Mas, nem sempre é possível prever com antecedência todas as iniciativas de marketing de relacionamento (ou pelo menos separar o investimento necessário para aplicá-las). Pode ser que, ao longo do ano, apareçam oportunidades de engajar seus públicos em novas campanhas de incentivo. Ou, pode haver a necessidade de corrigir uma iniciativa sem sucesso. Então, como fazer um programa B2B sem ter verba alocada? Para isso é preciso ter em mente soluções criativas para não deixar com que o budget da área seja um limitador – ou um impeditivo – para a realização de ações efetivas de engajamento.

Dois fatores importantes sobre a verba para um programa B2B

Repense a estratégia de um programa B2B para tornar menos onerosos os custos com premiações e com a contratação da agência que será responsável. Em uma campanha de incentivo tradicional é preciso contar, por exemplo, com o orçamento para prêmios. Além dele, deve-se prever a porcentagem que as agências costumam cobrar em cima das premiações. Isso encarece (e muito) o programa. Deve-se focar, portanto, na gestão de programas de relacionamento. Mas, como fazer isso?

Buscar prêmios “mais baratos”, sem perder a relevância.

Para atender melhor o participante é essencial conhecê-lo. Ele pode não querer uma TV de última geração ou um programa de bonificação talvez não tenha um valor tão atrativo. Então, que tal oferecer vantagens seguindo uma linha mais criativa em seu programa B2B? Para isso o cliente pode trabalhar com recursos que já possui e estruturar, por exemplo, um treinamento para equipes que estejam com rendimento abaixo da meta. Outra opção é criar ações de reconhecimento. Veja o exemplo de uma corretora de seguros: uma boa premiação para o melhor corretor pode ser a sua indicação e destaque, no próprio site da empresa.

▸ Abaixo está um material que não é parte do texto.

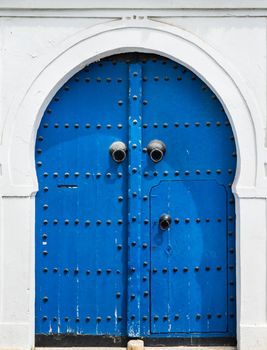 Blue gate and door with ornament from Sidi Bou Said in Tunisia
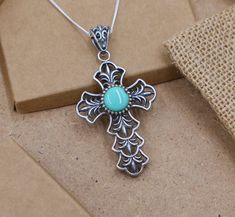 This stunning 11.5 gram silver cross pendant is a bold statement piece featuring a beautifully placed round turquoise stone at its center. The intricate design of the cross adds a touch of elegance and reverence, making it an exceptional choice for anyone who values both style and symbolic significance. Material: 925 Sterling Silver Weight: 11.5 grams Dimensions: 5 cm x 3 cm Center Stone: Turquoise Chain Length: 18 inches Design: Detailed cross design with a central turquoise stone that highligh Spiritual Turquoise Necklace With Cross Pendant Gift, Spiritual Turquoise Cross Pendant Necklace Gift, Spiritual Cross Turquoise Necklace For Gift, Spiritual Turquoise Cross Necklace As Gift, Spiritual Turquoise Cross Necklace, Spiritual Turquoise Cross Necklace For Gift, Handmade Turquoise Cross Pendant Necklace, Turquoise Cross Sterling Silver Necklace, Turquoise Sterling Silver Cross Necklace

Outra dica valiosa é buscar modelos criativos, nos quais se invista pouco, mas que gere valor agregado. Como isso é possível? Pense em uma relação ganha-ganha entre organizações. De um lado, o participante do programa B2B ganha descontos em cursos de capacitação, idiomas ou em farmácias; de outro, as empresas parceiras têm a chance de ampliar o acesso aos clientes finais.

Buscar parceiros para dividir custos

Adotar modelos cooperados é uma boa ideia para ajudar o cliente a buscar recursos e colocar o programa B2B em prática. Como está a verba de marketing da empresa? O que pode ser realocado ou dividido entre os canais de distribuição? Um exemplo de cooperação é contar com o apoio das revendas ou do PDV. Se cada um apoiar financeiramente o programa, é possível diluir consideravelmente os custos, além de aproximar ainda mais os canais aos objetivos da empresa.